You might be asking yourself, "If you know so much about this infinite singularity shit, then why did you sit there, typing all those words. You say words are useless, that they create walls and attempt to divide up what you claim to be the infinite, indivisible singularity of existance and yet I can see you've been using those words nonetheless in an attempt to communicate with me." This is what I say to that. I've seen it. I know I have. I can't describe fully it simply because, in that state, there is no need for memory, or words, or any kind of mental filing system. The best way I can describe it to you with these ineffectual words is that, in that state, all Time, Space and Consciousness are experienced as a single thing. And yet I still know I can't even come close to describing what it really is. I hope you can forgive me for being elitist, but you have to have been there. The only thing I CAN remember or really describe is what it felt like to be removed from that state and brought back into my finite mind, pulled back behind the illusiary walls of "self" and "here" and "now" after being allowed to glimpse past them. It was the most painful thing I have ever experienced. If I would have been able, I would have tortured to death every single one of those people who thought they were saving me. If there is such a thing as a soul, their efforts to drag me back to the prison of my finite mind, it hurt me right there. If I knew how to get back without destroying my body, I would. The animal in me won't let me go back, yet. She wants to survive, to keep the body intact. She needs those mental walls in order to do so. I choose to let her have her way for now, because I know some day she will lose. In this state of being, behind these walls we try to make for ourselves, Death always wins in the end. But then the part of me that knows the truth about the infinite singularity will be set free. And since all time is one, it hardly matters if I am chained to the physical world for any length of time. When I am allowed to awaken, to lose "self" and "here" and "now", time will be unimportant.

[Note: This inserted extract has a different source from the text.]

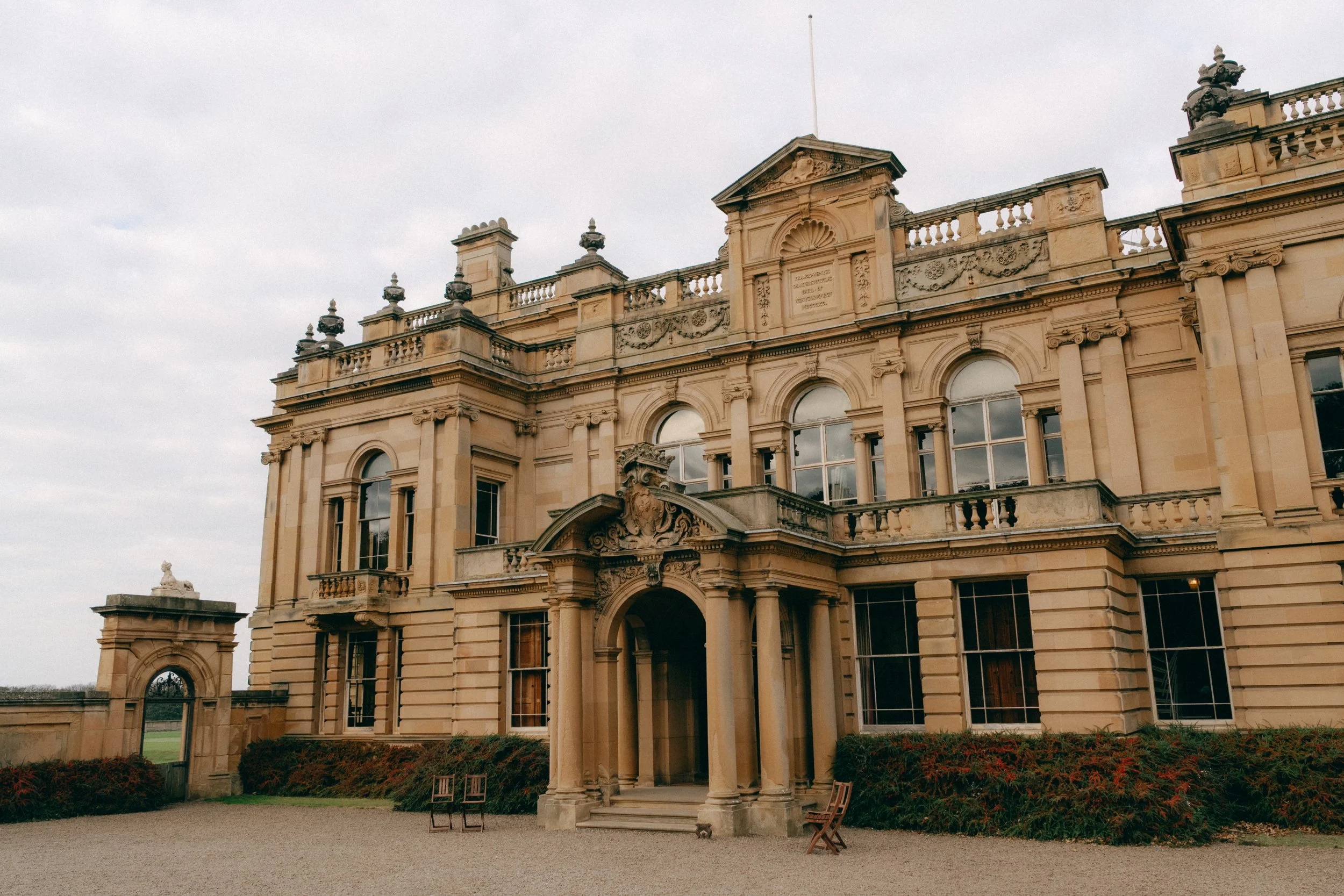 Gosford House Wedding Photography 38.jpg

Time cannot actually be spent doing anything, even being bound by a desire to perpetuate an illusion of physical being, because time cannot be divided up.

I am not afraid. Take me back. Lift me over these walls that I've made around my being in my attempt to define this imaginary concept of "myself". Sensation, thought, experience, they are all pain, and even pain is an illusion, albeit a very uncomfortable one, but only because I allow it to be so. I only allow pain or the discomfort caused by it because I know that it, too, does not matter or even exist.

Life, it seems, is just a kind of "waiting room of the soul". Good thing that once you finally get past this illusion of spending a certain amount of time waiting, time ceases to matter. It's like investing a play money dollar and being paid back by an infinite number of real dollars.

If all this is really true, if I've really got even a PIECE of the truth here, then I feel that this illusion of waiting for ONE-ness with the infinite singularity of reality is completely worth it. I suppose it's really up to you if you want to imagine that you can agree or disagree with me. Either choice is an illusion.